Two US automakers say they need billions more of government money in order to survive.
General Motors and Chrysler say they need billions more from the government merely to survive until the end of March. The size of the requests were far bigger than expected.
Chrysler, the smallest US car maker, says it needs an additional $5 billion. General Motors, after Toyota the world's biggest car company, says it requires $2 billion by March 1. Together with the money already borrowed, GM is asking for $30 billion from US taxpayers.
Company president Fritz Henderson says that figure is far less than what taxpayers would pay in the event of the company seeking bankruptcy protection.
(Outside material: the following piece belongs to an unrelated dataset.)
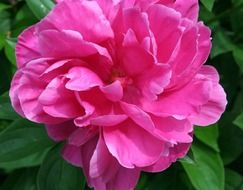 pink peony on a stalk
"The additional financing requirement for the US government [with bankruptcy] would be $50 to $60 billion more, than the out of court process [of bankruptcy]," said Fritz Henderson. "And if you actually tally up the incremental requirements for foreign governments [where GM has plants] that would likely be required, the size of the incremental financing in order to operate General Motors at peak while in a traditional Chapter 11 [bankruptcy] process would be close to $100 billion."
Both companies said they are closing more plants and laying off more workers. They have reached a contract agreement with the autoworkers union but terms of the concessions were not revealed.
US car companies pay far more in wages and benefits than foreign car companies operating in the United States. GM chief executive officer Rick Wagoner was asked if his company is considering selling its profitable operations in China.
"China is really fundamental to our future," said Wagoner. "And so I think that would be a very tough call for us to make. We've not had any conversations along those lines."
Wagoner did suggest that GM's European operations might be sold, but he said no prospective buyers have come forward.
Car companies worldwide are enduring their worse sales slump in a quarter century as the financial crisis has caused buyers to cut back. Both GM and Chrysler say they expect the market to remain distressed for all of this year and into 2010.